LinuCレベル3 304試験の例題と解説
330.1仮想化の概念と理論
LinuCレベル3 304試験の出題範囲から「330.1 仮想化の概念と理論」についての例題を解いてみます。
今回はハイパーバイザー型の仮想化について確認していきましょう。
例題
ハイパーバイザー型仮想化の説明として適切なもの選択してください。
- ハイパーバイザー型仮想化では、ホストOS上に仮想化ソフトウェアをインストールし、その上で仮想マシンを動作させる。
- ハイパーバイザー型仮想化では、ハードウェア上で直接仮想化ソフトウェアを実行し、その上で仮想マシンを動作させる。
- ハイパーバイザー型仮想化では、ゲストOSを使用することなくアプリケーションを動作させる。
- ハイパーバイザー型仮想化では、カーネルを共有し、メモリ消費を抑えて動作させる。
※この例題は実際の試験問題とは異なります。
解答と解説
正解は、「2. ハイパーバイザー型仮想化では、ハードウェア上で直接仮想化ソフトウェアを実行し、その上で仮想マシンを動作させる。」です。
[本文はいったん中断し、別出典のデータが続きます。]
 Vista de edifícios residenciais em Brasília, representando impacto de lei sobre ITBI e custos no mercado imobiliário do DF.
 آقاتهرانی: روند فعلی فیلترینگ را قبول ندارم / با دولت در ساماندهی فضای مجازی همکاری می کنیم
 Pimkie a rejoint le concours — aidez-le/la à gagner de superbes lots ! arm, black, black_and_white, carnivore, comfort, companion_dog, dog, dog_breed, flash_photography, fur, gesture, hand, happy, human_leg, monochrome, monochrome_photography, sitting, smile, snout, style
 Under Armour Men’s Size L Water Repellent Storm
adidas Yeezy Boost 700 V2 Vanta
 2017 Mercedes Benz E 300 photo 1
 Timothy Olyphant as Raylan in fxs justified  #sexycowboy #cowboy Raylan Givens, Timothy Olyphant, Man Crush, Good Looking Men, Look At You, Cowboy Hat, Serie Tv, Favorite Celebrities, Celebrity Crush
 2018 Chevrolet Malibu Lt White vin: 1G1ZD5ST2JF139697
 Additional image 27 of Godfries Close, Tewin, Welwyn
仮想化とは、コンピューターやその他種々の物理的なリソースを抽象化し、ソフトウェア化する技術のことです。
コンピューターに対して仮想化技術を使用すると、一つのハードウェア上で複数の異なるOSを動作させ、物理サーバー台数の節約をしたり、用途ごとのサーバーを高速に構築して提供したり、柔軟に構成を変更してスケールアップやスケールアウトに対応できるなどの利点があります。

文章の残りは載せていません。